How to Get More Sleep

Getting a good night’s sleep is critical to your health and ability to properly function throughout the day. Unfortunately, too many people simply do not get enough sleep throughout the day. Countless Americans suffer from over 70 different sleep disorders and around 60 percent of adults fail to get the proper amount of sleep over the course of a week because of these problems. Exactly how much sleep one needs depends on the individual. While on average, it is figured that people need eight hours to sleep to recover from the previous and be prepared for the next one ahead. But some can work just fine with only six hours of sleep per night while other need no less than 10 hours of sleep to reach their maximum potential.

In a society that is so fast-paced and responsibility filled, it is easy to understand why so many people often work with a severe lack of sleep. But not getting proper sleep can take a physical and mental toll, and will undoubtedly lead to an accident later on.

The first measure to take in tackling this problem is to try and understand why you are not getting the right amount of sleep. If you are not sleeping because you choose to stay up late, then that is a personal decision and should be changed. However, if you try to fall asleep and wake up tossing and turning all night, there might be a deeper problem that requires medical consultation.

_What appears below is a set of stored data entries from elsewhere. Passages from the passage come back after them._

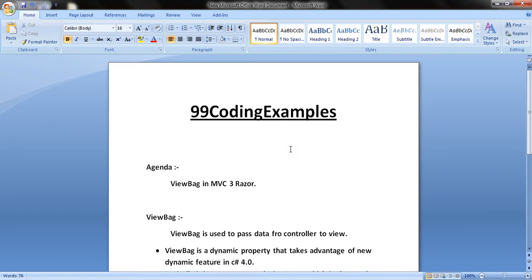Hello Friends! Today we are going to learn ViewBag in MVC3. Razor syntax is our view engine.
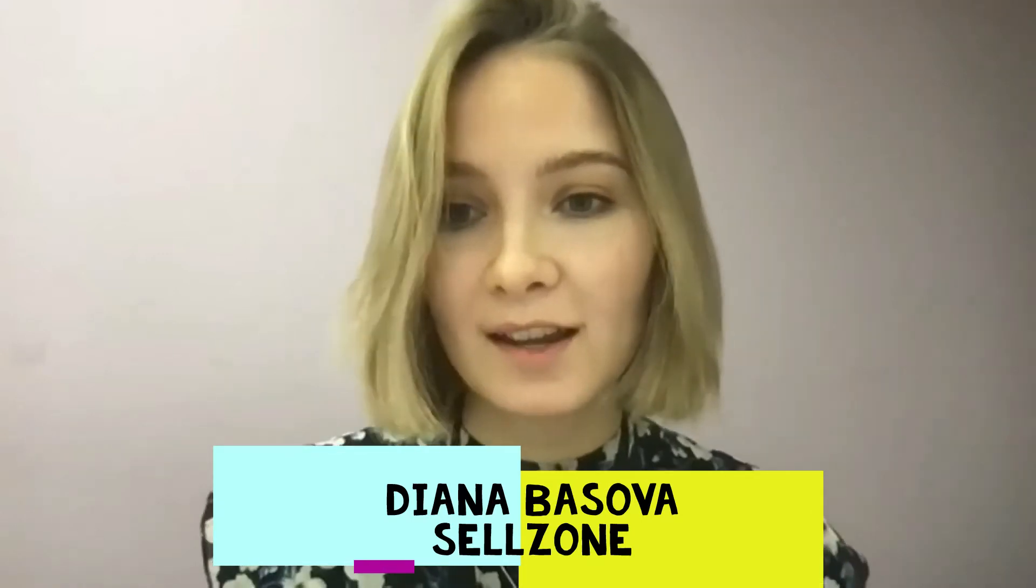So today I've got Diana from Cellzone with me. Diana, welcome to our podcast. Excellent. So before the call you were talking about this excellent tool you have with Cellzone with regards to product research and this works for the US only market? Yeah, at this time we only support the US marketplace but in 2022 we'll think about expanding to other marketplaces based on our users' feedback.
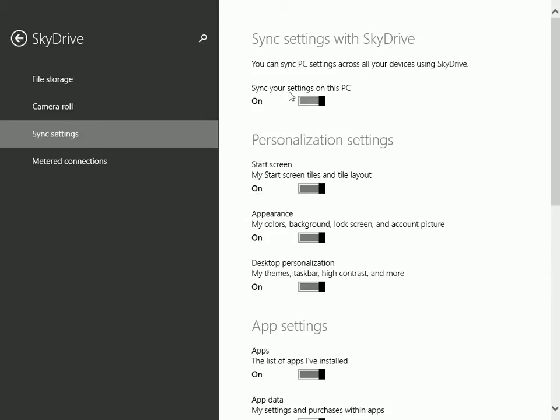Notice I have sync your settings on this PC, which is fine because I do want to sync some of these things, but I don't want to sync all of them.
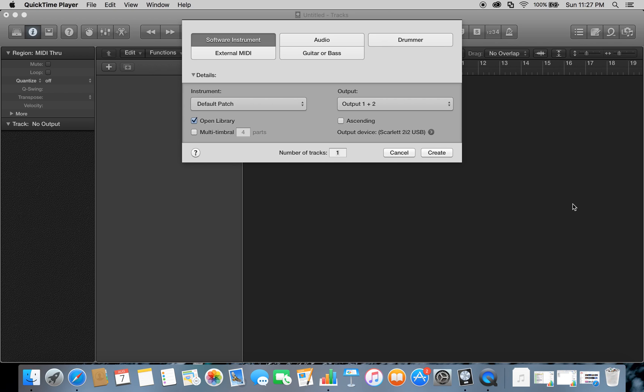Alright guys, I'm going to show you what I think is the best part of Logic Pro 10, and that's the amazing synthesizer called Alchemy. How you open it is I just went to a new track here and we're going to open a software instrument channel.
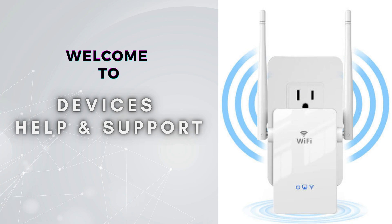Welcome to Device Help Support, your ultimate destination for everything related to device setup, troubleshooting, and optimizing your tech experiences.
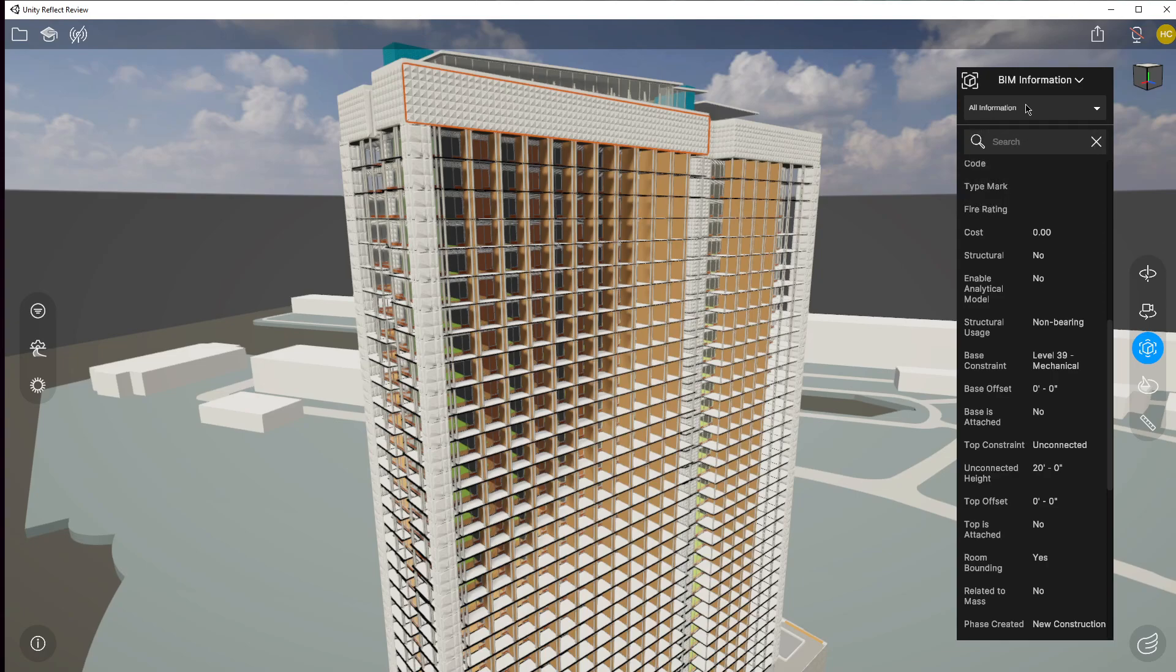But again that's not what I wanted to select. I wanted to select something that might be hidden or might be inside. Maybe it's a structural element or it's a BIM that I can't really find outside, and clicking through might be a little bit more complex.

Whether your lack of sleep is a result of a personal choice or medical problem, there are steps you can take to help get you on the right track to a proper night’s sleep. One of the most important things you can do is develop a sleep schedule. Getting your body into a routine will help you fall asleep at the same time more easily. On the flipside, try to wake up at the same time every day, as well, so that your body can become acquainted with a routine. In order to make sure you can hit the sack at the same time every night, you will need to also schedule your other priorities and have them done before your scheduled sleep time. And overall mapping out of your week ahead is an exceptional way to make sure you remain on task and are able to get to bed on time.

Also, avoid consuming food and beverages just prior to going to bed that will only aid in keeping you awake. Avoid caffeine within six hours of your bedtime and lower your intake of it overall throughout the day. Also, do not smoke, drink or eat big just before going to bed.

Minimizing distractions is key in falling sleep properly, as well. If you leave the TV on or have an outside light blinding you through the window, falling asleep will be extremely difficult. Reducing the noise around you will provide for a more soothing environment conducive to drifting away to sleep.

Having trouble getting the proper amount of sleep is not uncommon. Many people experience problems getting the at least eight hours of shut-eye most need on average for a healthy sleep. But the advice of your doctor and some simple steps to keep you on schedule and avoid distractions will help increase your ability to gain more sleep throughout the night.